Talk of mere billions is for wimps these days. I’ve just read two proposals for ‘big numbers’ on bailouts to help developing countries get through the global economic crisis, one from the World Bank’s chief economist, Justin Lin, and the other from Washington thinktank CGD’s Nancy Birdsall.
Nancy’s paper, entitled ‘How to Unlock the $1 Trillion’, reckons ‘as much as $1 trillion would make sense’, and thinks it could be spent as follows: half for rolling over both sovereign (i.e. government) and corporate debts and so preventing defaults or bankruptcies; half to fill revenue gaps caused by falling tax income, or possible declines in bilateral aid (though we’re all still trying to prevent that happening), as well as emergency job and food programmes in the worst hit countries.
According to Nancy, $1 trillion is about 6% of all developing county GDP, on a par with the scale of the fiscal stimulus in the US (7% of GDP) and less than in China (10%).
The interesting bit is where the money comes from. She helpfully pulls together a variety of ideas from Dani Rodrik, Joe Stiglitz and other discussions around the upcoming G20 summit to show that the international financial institutions can between them magic up $900bn:
The IMF can generate $550bn by a new issue of special drawing rights (the global quasi currency it uses), worth $250bn, spending an uncommitted $150bn still sitting in its new shock facility, using the $100bn recently pledged by Japan, and borrowing a further $50bn. Nancy doesn’t mention it, but the IMF is also sitting on a pile of gold (over 3,200 tons of it) and could sell some of it (gold is about the only commodity whose price has gone up in the crisis as part of the rush to safety by investors).
The Multilateral Development Banks (World Bank, Asian Development Bank, Inter-American Development Bank, African Development Bank) can raise $300bn, plus an additional $50bn for low income countries by front-loading the grants from their ‘concessional windows’ e.g. the World Bank’s International Development Association (IDA}. This would of course mean less money in the IDA pot within a couple of years, unless it is topped up by the donors.
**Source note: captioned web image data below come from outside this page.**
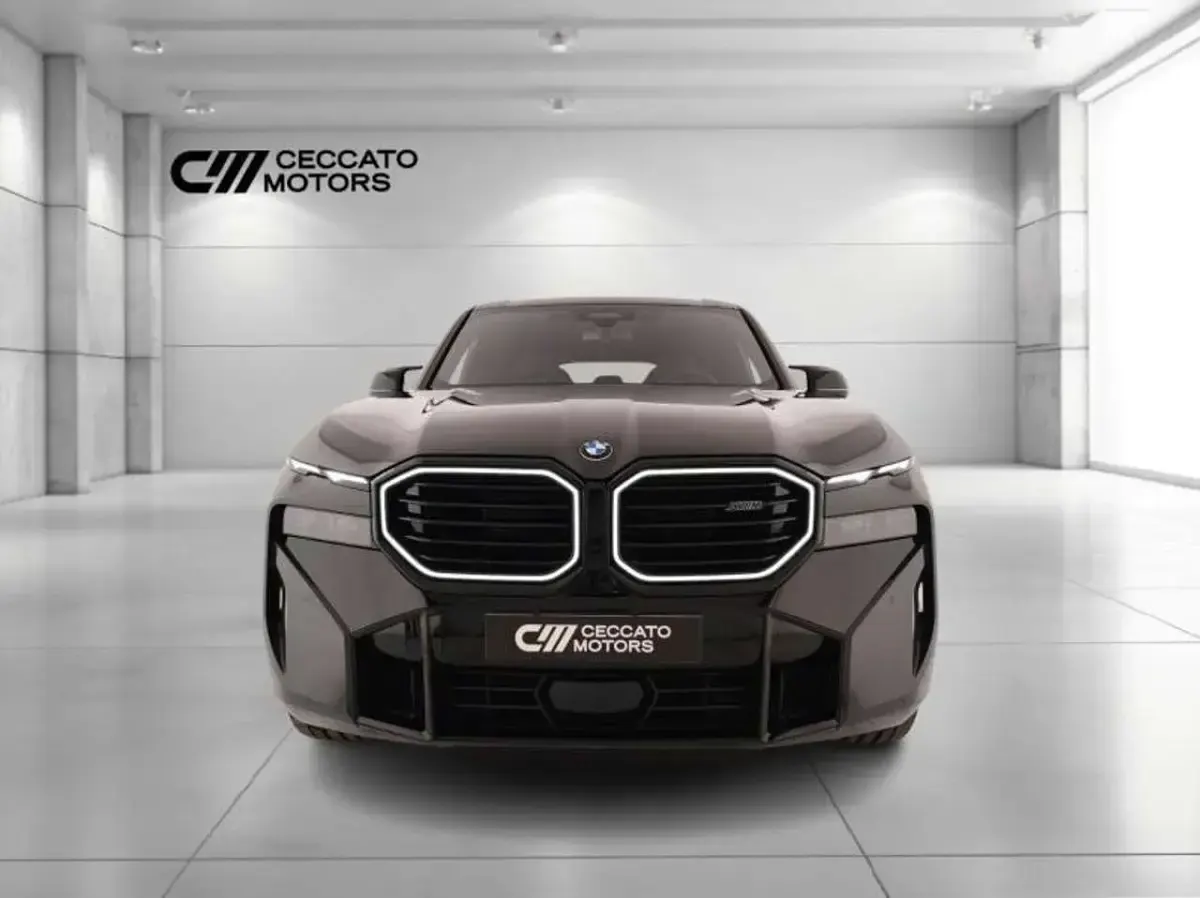 Nuova BMW XM Comfort Edition 476 CV (350 kW) 2026 Dravit grey metallizzato SUV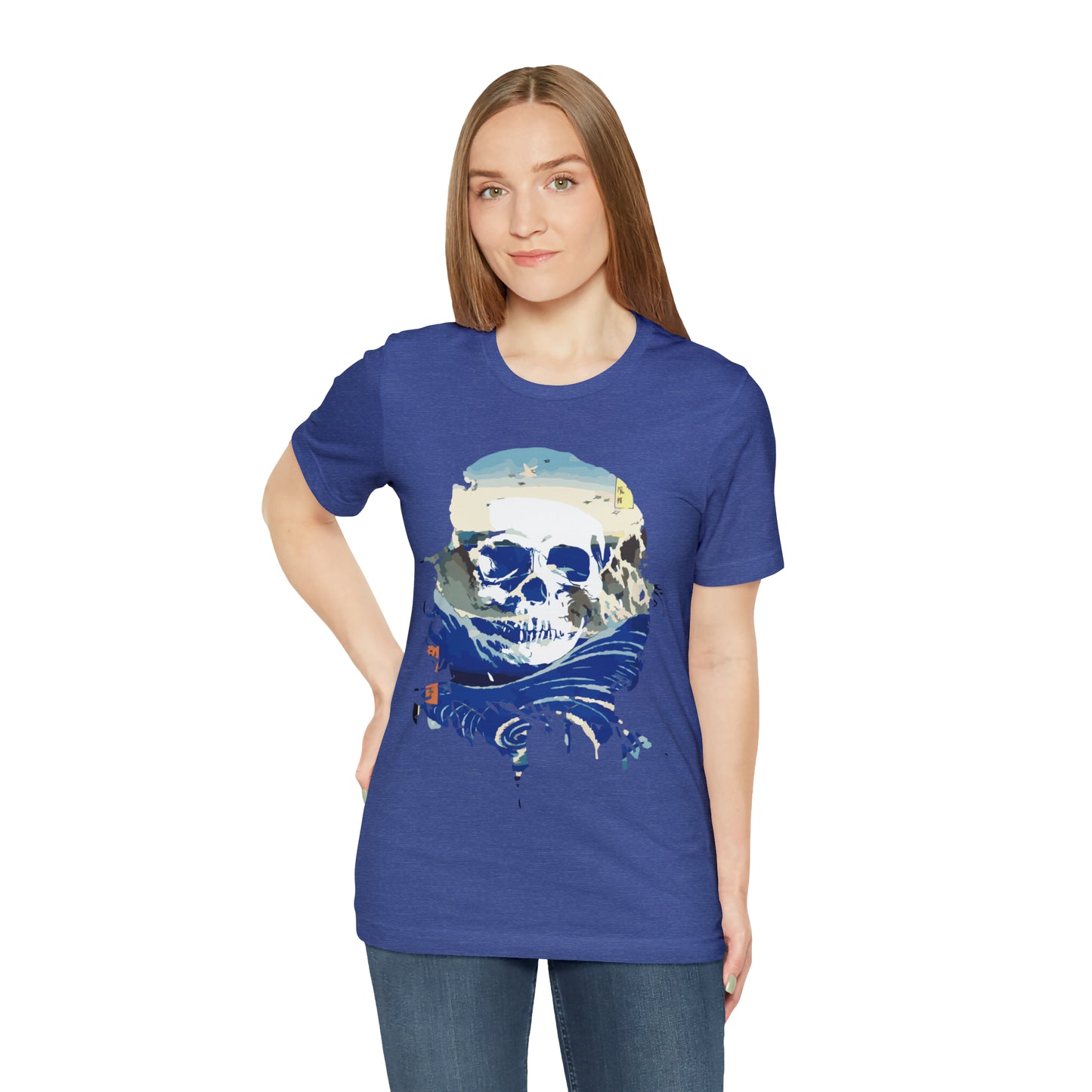 Rough Sea Unisex Short Sleeve Tee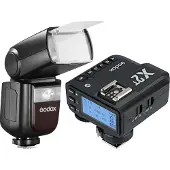 Godox Speedlite V860III Nikon X2 Trigger Kit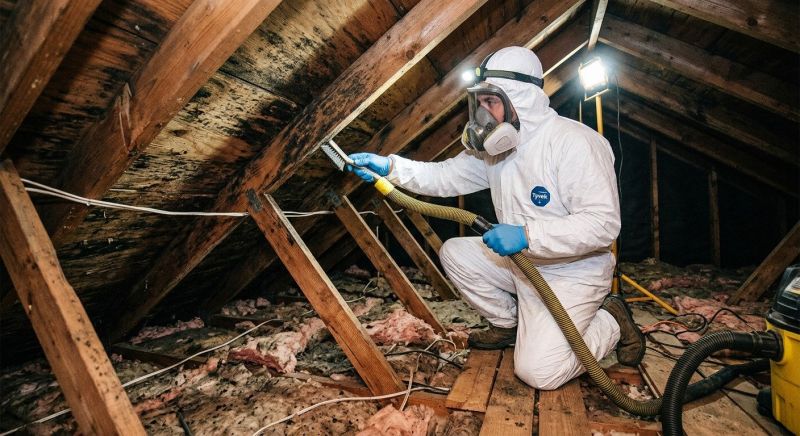 Ceiling Mold Removal in Broward County, FL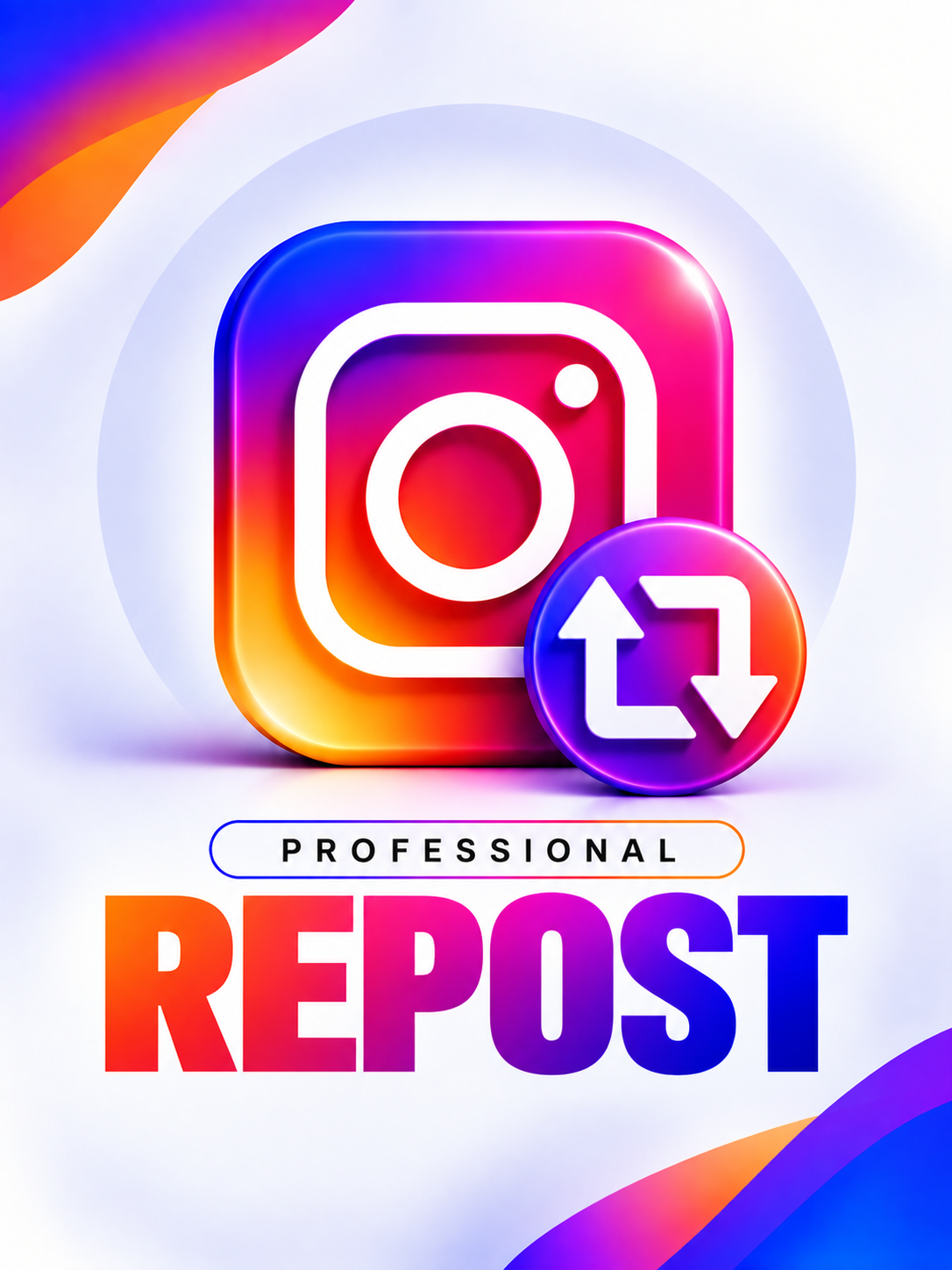 Instagram Repost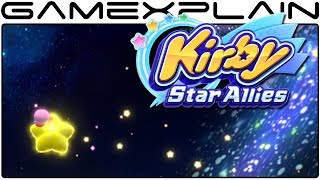 Kirby Star Allies - Discover Easter Eggs from Past Games!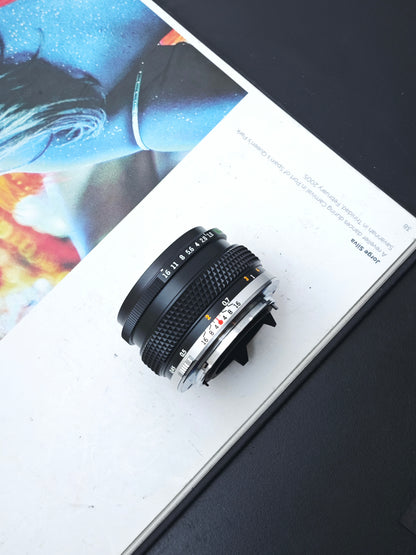 Olympus OM-System Zuiko MC Auto-S 50mm F1.8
The other $300bn money would be lent by the IBRD half of the World Bank and so would be non-concessional and only available for middle income countries.
The remaining $100bn may seem like small change, but is equal to the hard-won global aid budget. Nancy thinks it can come by arranging swaps to central banks in developing countries from the US Federal Reserve and European Central Bank (as the Fed did with Brazil and Mexico in the autumn), plus a contribution from China and the oil exporters.
Justin Lin, meanwhile, in a speech at the Peterson Institute for International Economics on 9 February, called for $2 trillion, albeit spread over 5 years. The most interesting aspect of his speech was his argument on why rich countries should bailout out poor ones. He identified two major problems with fiscal stimulus packages:
1. Most poor countries are constrained by either fiscal space and/or foreign exchange reserves. Many low-income countries entered the current crisis with fiscal deficits because of the fuel and food crises, which has led them to increase subsidies.
2. At the same time, most rich countries have the problem that a lot of their stimulus packages don’t get spent – people save the money instead. This is what happened in Japan’s ‘lost decade’ in the 1990s and Lin adds that only 15% of the US tax rebates in 2008 led to additional spending.
To make sure the fiscal stimulus results in increased demand and economic recovery, Lin advocates spending it on ‘high return shovel-ready opportunities to remove bottlenecks to growth’, i.e. easily identified projects to build crucial infrastructure such as energy and transport. And guess what, most of those are in developing countries, not rich ones. So globally, rich countries will get more recovery bangs for their bucks if they spend them in poor countries than in rich ones.
All well and good, and these are strong moral, developmental and self interest arguments for calling for a boost in official flows to poor countries, but how likely is it that such calls will succeed? Does Justin seriously think that the US, EU, Japan, China, and oil exporters are going to stump up $2 trillion on top of their existing bailouts, however strong the economic arguments? It seems to me there is a strong case for concentrating on those changes that become easier in an economic crisis, and those are primarily institutional – reforms are now possible to regulatory systems, financial institutions etc that would have been inconceivable a couple of years ago. Some examples – clamp down on tax havens, re-regulate the banks and rein in the ‘shadow banking sector’, get developing countries properly represented in the IMF and World Bank. In contrast, asking for more money, though undoubtedly warranted, is bound to be an uphill task. That’s where Nancy Birdsall’s paper has the edge, I think, since the money is (mostly) already there.